According to the invention, the interior of the probing rod is thus employed as a waveguide, through which the microwaves can propagate from the probe to the upper orifice, located above or close to the surface. Conventional probing rods, typically made of steel, offer satisfactory wave guiding characteristics in the micro frequency range, and no particular preparation of the probing rod therefore needs to be performed.

It should be noted that the term "hollow" refers to the rod itself. In other words, the hollow space may well be filed with some material other than air, such as a suitable dielectric material, e.g. Teflon.

Compared to previously known techniques, the device according to the invention offers a reliable transmission of data under normal working conditions, and without substantial modifications of the probing rod. In fact, a conventional probing device can be adapted to the invention, by being provided with a microwave transmitter and a suitable interface(s).

Compared to acoustic transmission, the inventive device is less vulnerable to unpredictable sources of disturbance, such as characteristics of the geological matter and surroundings. Instead, the transmission of microwaves depends on factors inherently present in the device itself, such as the inner surface of the probing rod.

Compared to optical transmission, a micro wave based system is more robust, and signals will not be interrupted as easily. Although microwaves, like optical waves, cannot penetrate objects in their path, they are more easily reflected in e.g. the frame of a penetrometer, and can therefore often reach a receiver despite objects being placed in between.

The probing rod can be formed by a plurality of rod sections, arranged to be linked together one by one during extension thereof into the geological matter. This offers flexibility when extending the probing rod deep into the ground or sea bed. As mentioned, the microwaves will be spread and reflected when they leave the upper orifice of the rod, and a linking of an additional rod section will therefore only cause a minor disruption in signal reception.

Preferably, the device comprises a receiver at a location outside said upper orifice, adapted to receive the microwaves propagated through the probing rod. The receiver can comprise several receiving units, with different polarization, in order to further minimize disruptions of the signal caused e.g. when linking a new rod section, and to improve reception in general. The microwaves can have a frequency in the range 2-300 GHz, and preferably in the range 5-30 GHz.
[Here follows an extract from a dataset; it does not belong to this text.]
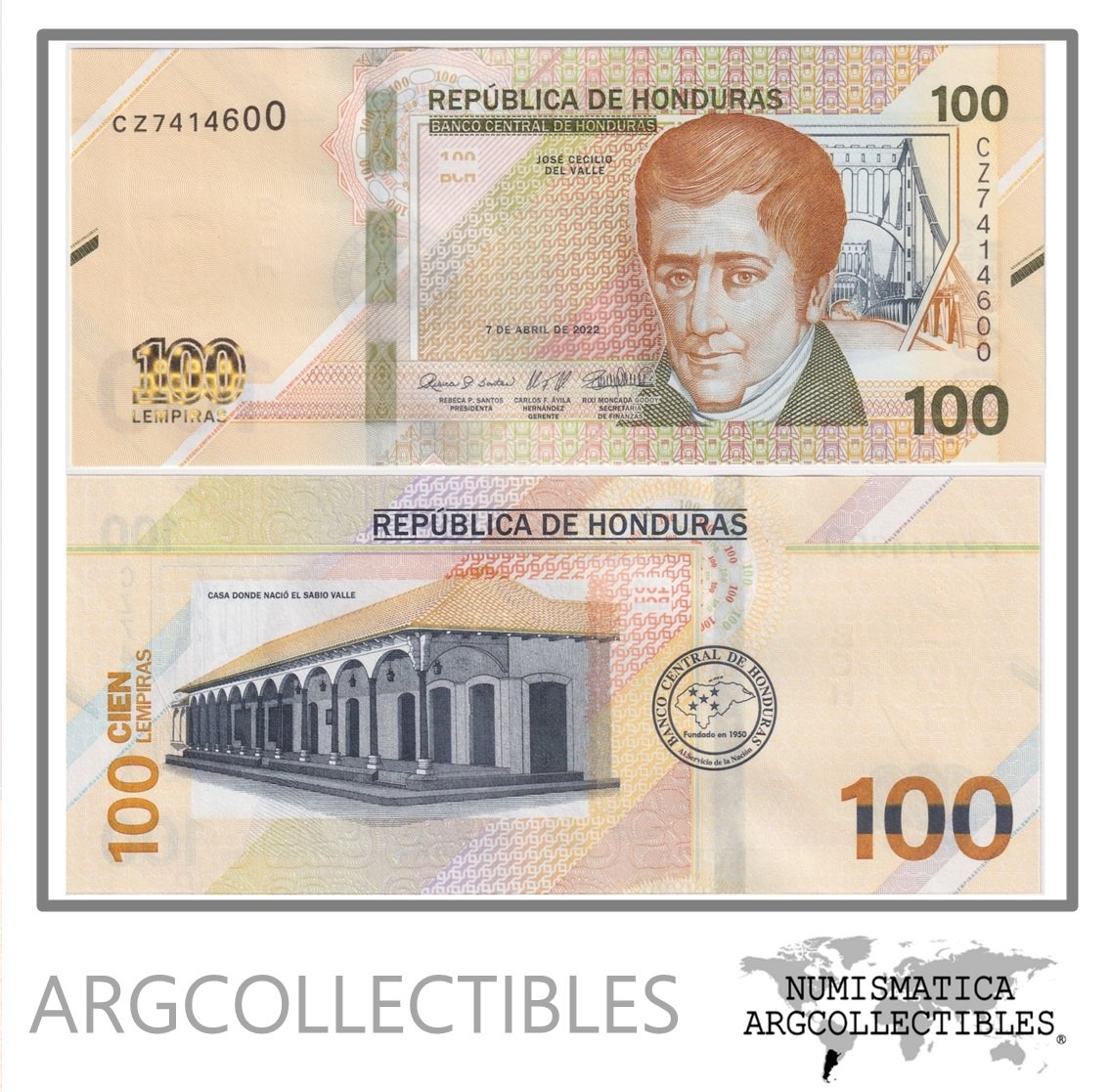 Honduras Billete 100 Lempiras 2022 P-112 UNC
The most suitable frequency primarily depends on the characteristics of the probing rod (section shape, diameter) acting as a waveguide. In principle, a lower frequency wave requires a larger diameter waveguide. Further, some frequencies (e.g. the 5.6 GHz-band, the 24 GHz-band) are more convenient, as they do not require the end user to have permission from the national telecommunication authority, as long as the equipment is certified.

The geological matter can be soil, such as sand, clay, silt, and the probing rod can then be pushed into the soil using e.g. a hydraulic drive mechanism.

Alternatively, the geological matter can be rock, in which case the probing rod can be equipped with a suitable drilling point and be drilled into the rock.

The probing device can be used in all types of geological investigation, including geotechnical investigations on land, and off-shore investigations.

These and other aspects of the invention will be apparent from the preferred embodiments more clearly described with reference to the appended drawings.

FIG. 1 shows a penetrometer according to an embodiment of the invention.

FIG. 2 shows the probe of the penetrometer in FIG. 1 in more detail.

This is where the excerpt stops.